START Input records

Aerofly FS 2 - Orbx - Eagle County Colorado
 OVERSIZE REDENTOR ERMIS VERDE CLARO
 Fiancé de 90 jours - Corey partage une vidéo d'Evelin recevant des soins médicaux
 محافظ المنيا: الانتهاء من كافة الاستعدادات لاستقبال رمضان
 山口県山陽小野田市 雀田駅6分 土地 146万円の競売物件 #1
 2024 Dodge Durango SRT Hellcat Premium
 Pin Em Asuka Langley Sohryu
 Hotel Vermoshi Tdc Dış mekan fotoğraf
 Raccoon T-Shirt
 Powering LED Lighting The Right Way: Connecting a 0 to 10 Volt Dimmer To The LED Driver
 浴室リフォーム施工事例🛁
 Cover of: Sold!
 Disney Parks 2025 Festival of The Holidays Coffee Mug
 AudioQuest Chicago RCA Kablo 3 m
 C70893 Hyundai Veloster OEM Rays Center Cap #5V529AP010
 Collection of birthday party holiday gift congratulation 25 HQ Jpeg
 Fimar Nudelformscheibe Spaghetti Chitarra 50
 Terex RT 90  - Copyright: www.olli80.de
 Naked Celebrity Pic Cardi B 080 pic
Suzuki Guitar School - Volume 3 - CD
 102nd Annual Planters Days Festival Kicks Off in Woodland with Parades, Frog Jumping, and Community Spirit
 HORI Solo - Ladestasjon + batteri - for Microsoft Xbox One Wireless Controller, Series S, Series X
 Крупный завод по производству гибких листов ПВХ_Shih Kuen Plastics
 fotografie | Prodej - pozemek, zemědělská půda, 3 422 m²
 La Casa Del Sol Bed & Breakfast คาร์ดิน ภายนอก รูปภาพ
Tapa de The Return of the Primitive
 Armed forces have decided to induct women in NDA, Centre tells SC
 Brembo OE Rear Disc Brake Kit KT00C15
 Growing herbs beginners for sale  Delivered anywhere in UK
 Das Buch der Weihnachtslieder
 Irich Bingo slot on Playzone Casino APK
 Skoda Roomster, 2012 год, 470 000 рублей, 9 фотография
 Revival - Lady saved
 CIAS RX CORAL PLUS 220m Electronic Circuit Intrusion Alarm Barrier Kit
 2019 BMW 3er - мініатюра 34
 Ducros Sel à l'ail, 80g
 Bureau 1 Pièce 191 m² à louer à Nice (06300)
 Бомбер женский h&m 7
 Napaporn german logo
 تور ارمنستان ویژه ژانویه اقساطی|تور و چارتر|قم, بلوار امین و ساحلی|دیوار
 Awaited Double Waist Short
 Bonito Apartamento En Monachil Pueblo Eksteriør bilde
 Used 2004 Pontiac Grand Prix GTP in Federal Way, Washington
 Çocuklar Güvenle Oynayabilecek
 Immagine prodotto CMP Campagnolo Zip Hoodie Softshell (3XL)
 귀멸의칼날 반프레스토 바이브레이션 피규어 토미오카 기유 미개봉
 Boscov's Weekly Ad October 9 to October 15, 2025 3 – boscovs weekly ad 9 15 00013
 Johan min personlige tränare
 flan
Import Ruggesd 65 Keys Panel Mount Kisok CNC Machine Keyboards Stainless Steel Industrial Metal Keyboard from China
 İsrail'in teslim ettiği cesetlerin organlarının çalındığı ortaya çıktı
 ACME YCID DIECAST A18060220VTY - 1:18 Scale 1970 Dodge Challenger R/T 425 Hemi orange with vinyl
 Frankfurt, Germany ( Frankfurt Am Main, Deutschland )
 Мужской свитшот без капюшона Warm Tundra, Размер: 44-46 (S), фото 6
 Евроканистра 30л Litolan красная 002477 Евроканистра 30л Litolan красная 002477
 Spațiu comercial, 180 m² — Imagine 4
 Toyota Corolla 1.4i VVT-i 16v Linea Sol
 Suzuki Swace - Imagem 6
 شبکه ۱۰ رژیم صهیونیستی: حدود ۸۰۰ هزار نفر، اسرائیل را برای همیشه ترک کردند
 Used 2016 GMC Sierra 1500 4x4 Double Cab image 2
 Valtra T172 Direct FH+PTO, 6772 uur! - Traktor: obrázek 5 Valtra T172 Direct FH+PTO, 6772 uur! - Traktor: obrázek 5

END Input records

#### Problem
Your reply is to repeat, unchanged, the lines above running from the one with "Skoda Roomster, 2012" up to and including the one with "Napaporn german logo".

#### Answer
 Skoda Roomster, 2012 год, 470 000 рублей, 9 фотография
 Revival - Lady saved
 CIAS RX CORAL PLUS 220m Electronic Circuit Intrusion Alarm Barrier Kit
 2019 BMW 3er - мініатюра 34
 Ducros Sel à l'ail, 80g
 Bureau 1 Pièce 191 m² à louer à Nice (06300)
 Бомбер женский h&m 7
 Napaporn german logo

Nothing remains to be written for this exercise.